Altavista search with host:xent.w3.org

> Our first step towards this goal has been to design a simple and
> convenient user interface to and annotation format for an information
> retrieval system. Our current annotations emphasize user-independent
> text meta-information, but the format for and structure of these
> annotations are intended to encompass hand-generated and automatic
> user-specific annotations. The annotations themselves are first-class
> documents in our system, so that, for example, search information can be
> reified and treated as an indexable object.

I like that annotations are first class objects. But where are the


> Given that individuals are organizing the information they care about,
> it is natural to ask how one user can benefit from the work of other
> users. Consider that the typical way to search for a paper book is to
> ask one's office-neighbor for it. Analogously, we would like to let
> individuals search for information in other people's haystacks. Both to
> limit the costs of a search and to improve the filtering of what is
> returned, it is important for the system to learn over time which other
> individuals are most likely to have information that a given user finds
> relevant---these haystack ``neighbors'' are the systems that should be
> queried first and whose results should be most trusted.

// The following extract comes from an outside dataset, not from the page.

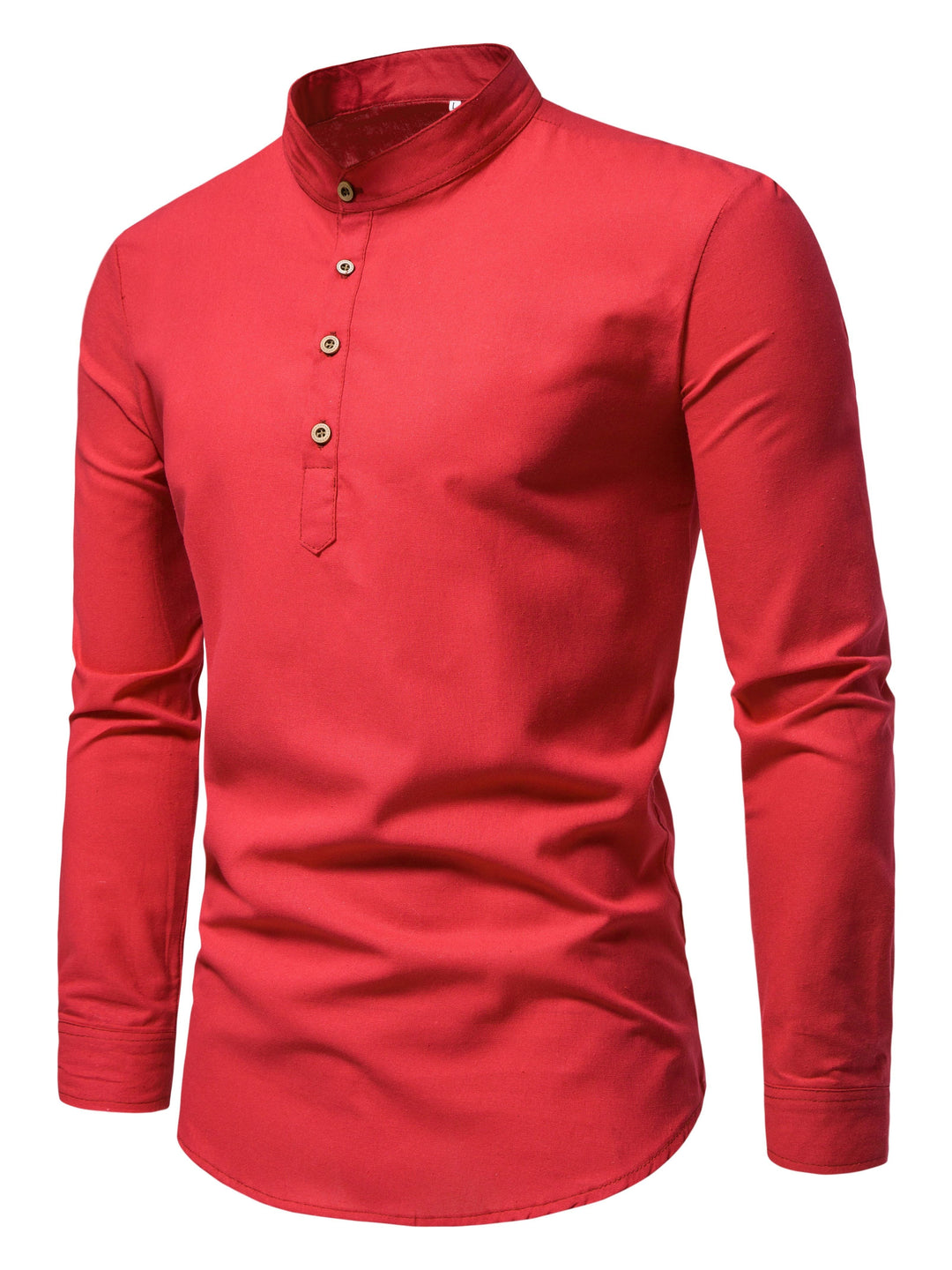 Men's Stand Collar Cotton Shirt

This is cool. Trust networks are right on the ball.

> Another opportunity that this linking of haystacks creates is in
> connecting individuals to other people who can address their information
> need. The information I have stored in my haystack is likely a good
> indicator of my knowledge and interests. A question that matches a lot
> of material in my haystack is likely to be a question I can usefully
> answer. The haystack system can therefore serve as an ``information
> brokerage'' connecting questioners to experts.

Much in the way that http://www.ffly.com/ isn't.

> Sharing haystacks also raises the issue of generalizing from
> individuals' customization of their own haystacks to larger (pooled)
> data-sets. This provides another opportunity to test the adaptability of
> query strategies and a test of the generalization of the underlying
> learning algorithms.

So let me get this straight. Not only is the axiom "Links are
knowledge" true, but also, "Queries are knowledge" is true too?

This work sounds decent, but I couldn't get their software to run at
Caltech, so for now, I'll take their word on it.